Music-driven Character Dance Video Generation based on Pre-trained Diffusion Model

Jiayu Xu, Changhong Liu, Juan Cai, Ji Ye, Zhenchun Lei, Aiwen Jiang

Published: 01 Jan 2024, Last Modified: 14 Nov 2024IJCNN 2024EveryoneRevisionsBibTeXCC BY-SA 4.0

Abstract: Large-scale pre-trained models have shown significant progress in cross-modal generation tasks, especially in the text-to-image generation task. However, the pre-trained models for audio-guided video are rare. ControlNet [1] provides a new architecture to enhance the pre-trained diffusion models with task-specific conditions.

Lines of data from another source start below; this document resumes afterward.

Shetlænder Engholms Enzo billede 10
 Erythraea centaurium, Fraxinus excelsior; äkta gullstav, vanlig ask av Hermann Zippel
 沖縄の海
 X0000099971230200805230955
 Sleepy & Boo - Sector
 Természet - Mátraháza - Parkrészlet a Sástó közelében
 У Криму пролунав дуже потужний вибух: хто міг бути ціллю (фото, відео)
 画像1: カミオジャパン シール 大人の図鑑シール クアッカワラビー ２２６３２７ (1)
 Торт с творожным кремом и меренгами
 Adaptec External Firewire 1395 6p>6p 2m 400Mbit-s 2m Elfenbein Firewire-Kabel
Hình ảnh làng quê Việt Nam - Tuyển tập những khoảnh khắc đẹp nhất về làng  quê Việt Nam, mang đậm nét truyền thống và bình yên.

Following the ControlNet [1] architecture, we propose a music-driven character dance video generation model based on the pre-trained diffusion model by taking the text prompt, music, and character image as the additional guidance conditions to generate dance videos. In this model, multimodal semantic correspondence between text, music, and video is exploited to generate character dance videos better by incorporating the pre-trained CLIP [2] and Wav2CLIP [3] models. Additionally, we design a text prompt to improve the appearance quality of the generated character images. Extensive experiments on the AIST++ dataset show the effectiveness of our method and its ability to generate character dance videos effectively.